**ACTIVITY**
Would you output the entries below only from the line containing "Irving Texas 75063" through the line containing "501 39th Street, West Des Moines, IA 50265", exactly as they stand and with both ends included?

**GIVEN DATA**
********************
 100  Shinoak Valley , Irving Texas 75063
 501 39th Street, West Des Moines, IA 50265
********************
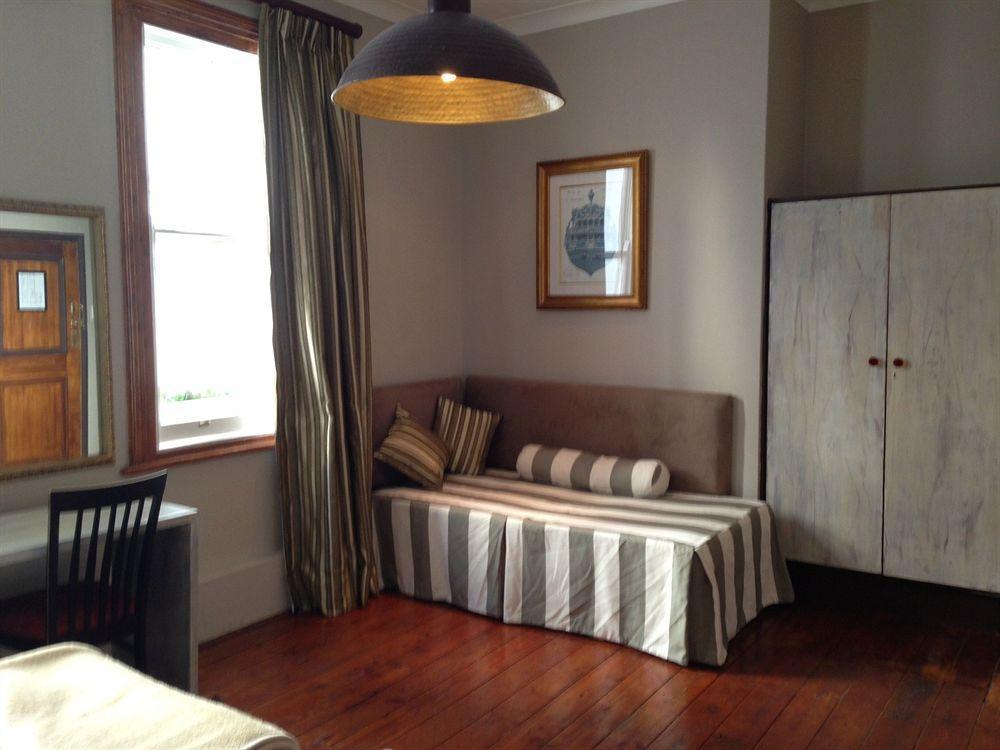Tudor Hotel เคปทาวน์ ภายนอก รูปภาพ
********************
**WRITTEN SOLUTION**
 100  Shinoak Valley , Irving Texas 75063
 501 39th Street, West Des Moines, IA 50265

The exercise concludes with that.